If camber seems to remain fairly steady when the front end is raised, look at total toe. Unless you can actually see the excessive camber when standing in front of the truck, I suspect more of your tire wear is coming from total toe that is changing with changes in ride height. Total toe is the last thing that is set on an alignment, but CHANGING total toe is not adjustable as an alignment adjustment. Steering and suspension systems are always carefully designed together so no toe change takes place as the suspension goes up and down. Setup guides for race cars are full of methods for finding and correcting changing toe, and they all revolve around setting the correct ride height as the first step. Maintaining total toe at all ride heights is done by the design of the relationship of the steering linkage to the lower control arms. If that orientation is wrong, it is entirely possible for the wheel to go toe in when the truck moves up AND when it moves down. That will scrub off the outer edges of both front tire equally.
Incorrect total toe will cause the leading edges of both tires to scrub off equally. With excessive total toe in, the fronts of the tires will be closer together than their rears. If you exaggerate that for clarity, think of the two tires turned toward the center of the truck, ... More, ... And more, until they're turned 90 degrees to the truck. Now it is real easy to see that the outer edge is the "leading edge" of each one. The leading edge is what scrubs off. To visualize what total toe causes, hold a pencil upright with the eraser on the table, push down a little, then slowly drag it sideways. You'll see the leading edge scrub off and make eraser crumbs, and the trailing edge lifts up off the table. Only the leading edge wears. That was a severe exaggeration but it's exactly what happens with tires. Both camber and total toe are adjusted as part of any alignment, but you need to be looking at whether either one of them is changing as the suspension moves up and down. Most trucks call for 1/8" total toe in. Road forces pull them back to 0.0" while driving, so the two tires will be perfectly parallel to each other. By the time you get to 1/4" toe in, you will start to see excessive wear on the outer edges of both tires. Your truck spends very little time at the same "at rest" ride height when you're driving, so if total toe is changing with those changes in ride height, no alignment in the world is going to fix that.
Remember too that camber affects wear on only that one tire, although it can be incorrect on both tires at the same time. Total toe always affects both tires equally, however, incorrect camber on only one wheel can aggravate total toe wear on that one tire. That's where a good alignment mechanic is needed to sort it out. That's real easy to do with the numbers on the computer, but modified ride height adds a whole new dimension of complexity and variables.

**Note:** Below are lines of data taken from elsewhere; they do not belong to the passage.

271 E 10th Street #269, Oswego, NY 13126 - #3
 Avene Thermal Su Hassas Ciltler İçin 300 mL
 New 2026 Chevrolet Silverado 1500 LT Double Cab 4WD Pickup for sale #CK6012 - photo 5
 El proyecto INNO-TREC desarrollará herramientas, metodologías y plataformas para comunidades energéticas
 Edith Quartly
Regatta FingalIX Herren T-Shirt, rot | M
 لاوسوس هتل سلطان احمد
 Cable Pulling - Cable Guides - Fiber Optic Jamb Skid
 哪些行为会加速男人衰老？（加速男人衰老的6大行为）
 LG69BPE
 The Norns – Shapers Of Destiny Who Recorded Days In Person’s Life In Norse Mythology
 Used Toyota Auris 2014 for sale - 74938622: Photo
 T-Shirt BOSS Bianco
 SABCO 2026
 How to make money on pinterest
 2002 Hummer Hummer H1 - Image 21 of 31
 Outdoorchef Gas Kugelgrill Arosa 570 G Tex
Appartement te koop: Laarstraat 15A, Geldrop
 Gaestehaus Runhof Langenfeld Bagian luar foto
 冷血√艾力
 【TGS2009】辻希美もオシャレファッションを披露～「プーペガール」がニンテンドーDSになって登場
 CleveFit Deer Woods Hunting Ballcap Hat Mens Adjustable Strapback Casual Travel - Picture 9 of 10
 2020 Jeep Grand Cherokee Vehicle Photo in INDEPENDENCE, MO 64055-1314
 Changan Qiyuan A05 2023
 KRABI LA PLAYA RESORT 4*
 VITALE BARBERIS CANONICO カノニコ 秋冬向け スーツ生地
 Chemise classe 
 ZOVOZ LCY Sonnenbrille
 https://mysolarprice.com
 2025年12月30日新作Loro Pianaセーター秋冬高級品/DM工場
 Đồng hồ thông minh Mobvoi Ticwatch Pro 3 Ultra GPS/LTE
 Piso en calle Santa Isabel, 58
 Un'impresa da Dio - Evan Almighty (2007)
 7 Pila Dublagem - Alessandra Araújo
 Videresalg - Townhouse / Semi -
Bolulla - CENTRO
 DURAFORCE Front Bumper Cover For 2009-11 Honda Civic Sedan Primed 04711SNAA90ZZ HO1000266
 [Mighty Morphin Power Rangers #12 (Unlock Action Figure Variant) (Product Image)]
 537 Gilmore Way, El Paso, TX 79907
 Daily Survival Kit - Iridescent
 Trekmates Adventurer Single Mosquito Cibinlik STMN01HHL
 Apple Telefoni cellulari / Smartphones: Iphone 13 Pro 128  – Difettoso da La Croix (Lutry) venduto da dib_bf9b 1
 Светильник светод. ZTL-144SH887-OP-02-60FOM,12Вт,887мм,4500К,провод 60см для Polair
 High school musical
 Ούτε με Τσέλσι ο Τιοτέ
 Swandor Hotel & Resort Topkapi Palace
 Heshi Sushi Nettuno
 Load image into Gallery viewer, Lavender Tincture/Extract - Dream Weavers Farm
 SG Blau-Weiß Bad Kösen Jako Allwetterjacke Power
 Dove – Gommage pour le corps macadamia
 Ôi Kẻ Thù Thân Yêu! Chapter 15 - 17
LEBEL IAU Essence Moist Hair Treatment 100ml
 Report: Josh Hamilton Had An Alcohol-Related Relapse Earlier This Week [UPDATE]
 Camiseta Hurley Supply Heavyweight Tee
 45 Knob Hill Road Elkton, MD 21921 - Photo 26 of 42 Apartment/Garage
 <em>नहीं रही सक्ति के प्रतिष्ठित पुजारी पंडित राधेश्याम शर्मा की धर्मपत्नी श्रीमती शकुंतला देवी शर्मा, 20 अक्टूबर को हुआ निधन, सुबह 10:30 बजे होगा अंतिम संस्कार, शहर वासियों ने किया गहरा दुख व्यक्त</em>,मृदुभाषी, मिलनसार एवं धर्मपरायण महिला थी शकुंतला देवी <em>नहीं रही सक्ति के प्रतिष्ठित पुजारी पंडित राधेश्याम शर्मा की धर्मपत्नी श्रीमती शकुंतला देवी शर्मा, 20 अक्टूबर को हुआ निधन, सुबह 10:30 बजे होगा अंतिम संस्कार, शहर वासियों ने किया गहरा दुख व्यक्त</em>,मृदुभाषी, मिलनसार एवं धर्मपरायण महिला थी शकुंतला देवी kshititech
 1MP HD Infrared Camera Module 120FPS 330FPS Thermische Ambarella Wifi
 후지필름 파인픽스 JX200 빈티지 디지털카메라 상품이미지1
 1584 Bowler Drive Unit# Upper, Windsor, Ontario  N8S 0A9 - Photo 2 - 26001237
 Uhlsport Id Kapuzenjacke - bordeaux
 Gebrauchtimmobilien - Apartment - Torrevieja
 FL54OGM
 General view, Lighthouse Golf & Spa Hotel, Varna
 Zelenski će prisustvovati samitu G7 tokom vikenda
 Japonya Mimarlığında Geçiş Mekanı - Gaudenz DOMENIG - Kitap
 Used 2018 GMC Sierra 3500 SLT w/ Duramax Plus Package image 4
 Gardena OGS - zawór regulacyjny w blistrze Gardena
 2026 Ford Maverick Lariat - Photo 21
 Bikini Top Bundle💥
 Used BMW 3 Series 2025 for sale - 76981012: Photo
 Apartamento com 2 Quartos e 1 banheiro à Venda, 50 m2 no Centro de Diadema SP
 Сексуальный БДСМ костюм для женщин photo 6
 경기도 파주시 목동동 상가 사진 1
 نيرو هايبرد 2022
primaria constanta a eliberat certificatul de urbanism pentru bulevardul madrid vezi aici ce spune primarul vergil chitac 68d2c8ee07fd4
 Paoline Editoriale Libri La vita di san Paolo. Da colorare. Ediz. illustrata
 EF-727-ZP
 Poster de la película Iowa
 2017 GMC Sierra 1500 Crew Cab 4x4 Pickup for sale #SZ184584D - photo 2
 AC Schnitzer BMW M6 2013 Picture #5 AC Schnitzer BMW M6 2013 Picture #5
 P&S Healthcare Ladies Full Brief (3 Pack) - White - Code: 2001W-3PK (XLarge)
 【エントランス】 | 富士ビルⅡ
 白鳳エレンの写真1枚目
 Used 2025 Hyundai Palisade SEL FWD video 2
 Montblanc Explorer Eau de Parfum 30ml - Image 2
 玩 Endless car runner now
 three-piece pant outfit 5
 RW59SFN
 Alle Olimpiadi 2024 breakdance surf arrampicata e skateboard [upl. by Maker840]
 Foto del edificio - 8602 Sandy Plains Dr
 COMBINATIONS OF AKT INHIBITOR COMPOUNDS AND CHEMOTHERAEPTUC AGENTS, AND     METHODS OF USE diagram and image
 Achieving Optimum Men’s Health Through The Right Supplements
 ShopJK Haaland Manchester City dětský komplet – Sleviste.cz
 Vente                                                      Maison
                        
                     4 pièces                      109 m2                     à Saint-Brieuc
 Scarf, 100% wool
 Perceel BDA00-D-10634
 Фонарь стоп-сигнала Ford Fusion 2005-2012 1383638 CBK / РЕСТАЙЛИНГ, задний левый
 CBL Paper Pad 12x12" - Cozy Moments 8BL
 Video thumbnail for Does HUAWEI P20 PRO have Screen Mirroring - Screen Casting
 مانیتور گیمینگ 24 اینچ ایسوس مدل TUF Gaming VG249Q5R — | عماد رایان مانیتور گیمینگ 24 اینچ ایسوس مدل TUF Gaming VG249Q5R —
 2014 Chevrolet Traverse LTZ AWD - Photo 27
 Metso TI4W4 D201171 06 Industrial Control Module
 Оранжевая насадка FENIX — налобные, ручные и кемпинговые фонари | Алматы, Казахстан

You may also notice the steering gear box sits at a steep angle on some GM trucks. That means the end of the pitman arm doesn't just move left and right. It moves forward and backward and up and down as you steer from side to side. The idler arm must be in the exact same orientation so it makes the same geometrical movements. To do otherwise is going to make a truck that is lots of work to drive and will be very tiring. You will know about every bump and dip in the road. The lower control arm bushings always stay in the same place on the frame, but the end of the pitman arm goes up and down as you steer to either side, so you can see it is impossible to completely eliminate total toe change and tire wear. Blame that on the design of the steering gear box. Fortunately, that is going to cause more toe wear the further you turn and besides that being a small amount of wear, it's going to occur only during a small percentage of your driving.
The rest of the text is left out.